(Stored data)
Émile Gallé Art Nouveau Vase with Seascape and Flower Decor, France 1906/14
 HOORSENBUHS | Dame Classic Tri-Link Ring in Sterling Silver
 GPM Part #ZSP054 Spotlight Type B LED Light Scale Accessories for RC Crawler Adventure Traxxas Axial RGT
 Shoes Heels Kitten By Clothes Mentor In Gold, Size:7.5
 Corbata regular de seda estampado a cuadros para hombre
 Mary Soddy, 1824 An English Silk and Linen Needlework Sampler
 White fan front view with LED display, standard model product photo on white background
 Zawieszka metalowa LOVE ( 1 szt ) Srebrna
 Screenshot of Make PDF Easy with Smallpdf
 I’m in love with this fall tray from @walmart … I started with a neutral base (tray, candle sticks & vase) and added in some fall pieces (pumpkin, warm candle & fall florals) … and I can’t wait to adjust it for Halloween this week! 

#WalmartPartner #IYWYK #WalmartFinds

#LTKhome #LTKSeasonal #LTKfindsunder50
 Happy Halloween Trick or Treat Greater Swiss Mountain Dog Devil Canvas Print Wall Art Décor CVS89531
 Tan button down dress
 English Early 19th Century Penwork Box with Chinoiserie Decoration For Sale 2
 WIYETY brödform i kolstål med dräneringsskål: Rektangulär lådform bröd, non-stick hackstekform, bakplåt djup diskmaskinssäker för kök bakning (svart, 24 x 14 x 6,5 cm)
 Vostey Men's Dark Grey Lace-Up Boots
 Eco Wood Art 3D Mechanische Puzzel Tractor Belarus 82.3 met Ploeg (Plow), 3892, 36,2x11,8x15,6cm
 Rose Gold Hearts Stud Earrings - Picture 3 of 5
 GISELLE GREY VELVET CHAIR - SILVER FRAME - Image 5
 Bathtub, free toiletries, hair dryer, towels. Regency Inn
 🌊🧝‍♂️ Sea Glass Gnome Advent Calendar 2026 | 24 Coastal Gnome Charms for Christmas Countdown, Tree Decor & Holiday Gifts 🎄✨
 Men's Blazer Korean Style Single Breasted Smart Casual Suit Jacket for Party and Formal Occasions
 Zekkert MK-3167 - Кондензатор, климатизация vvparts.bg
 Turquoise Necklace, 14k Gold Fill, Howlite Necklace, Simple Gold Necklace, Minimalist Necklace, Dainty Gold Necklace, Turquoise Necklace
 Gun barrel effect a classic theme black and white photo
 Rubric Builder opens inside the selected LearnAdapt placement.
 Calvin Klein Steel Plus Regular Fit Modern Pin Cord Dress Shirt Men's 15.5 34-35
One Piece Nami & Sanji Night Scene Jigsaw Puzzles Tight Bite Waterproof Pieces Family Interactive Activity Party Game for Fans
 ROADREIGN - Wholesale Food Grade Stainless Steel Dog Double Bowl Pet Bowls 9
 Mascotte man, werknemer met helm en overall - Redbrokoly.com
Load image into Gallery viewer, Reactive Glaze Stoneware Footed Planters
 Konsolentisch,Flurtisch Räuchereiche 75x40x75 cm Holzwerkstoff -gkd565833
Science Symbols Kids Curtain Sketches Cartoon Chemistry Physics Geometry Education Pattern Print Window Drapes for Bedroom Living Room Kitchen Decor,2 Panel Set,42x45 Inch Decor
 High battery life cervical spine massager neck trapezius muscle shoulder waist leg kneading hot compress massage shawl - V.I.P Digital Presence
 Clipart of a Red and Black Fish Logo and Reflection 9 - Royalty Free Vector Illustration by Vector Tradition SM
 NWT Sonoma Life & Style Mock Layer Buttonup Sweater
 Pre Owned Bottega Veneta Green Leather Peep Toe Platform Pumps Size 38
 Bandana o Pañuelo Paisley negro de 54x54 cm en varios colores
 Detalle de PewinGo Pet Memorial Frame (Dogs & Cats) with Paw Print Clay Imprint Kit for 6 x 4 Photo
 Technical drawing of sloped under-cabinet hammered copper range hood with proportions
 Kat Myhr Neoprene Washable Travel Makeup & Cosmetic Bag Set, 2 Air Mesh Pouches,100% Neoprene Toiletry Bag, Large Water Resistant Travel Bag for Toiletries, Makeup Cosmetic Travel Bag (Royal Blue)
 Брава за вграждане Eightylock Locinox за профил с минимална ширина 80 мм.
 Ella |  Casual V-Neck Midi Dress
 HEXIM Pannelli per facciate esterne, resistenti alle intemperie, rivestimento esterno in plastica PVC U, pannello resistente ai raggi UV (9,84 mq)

Exercise brief: Which lines of the data hold the string "Gold"? Return each of them.

Answer for the task:
 Shoes Heels Kitten By Clothes Mentor In Gold, Size:7.5
 Rose Gold Hearts Stud Earrings - Picture 3 of 5
 Turquoise Necklace, 14k Gold Fill, Howlite Necklace, Simple Gold Necklace, Minimalist Necklace, Dainty Gold Necklace, Turquoise Necklace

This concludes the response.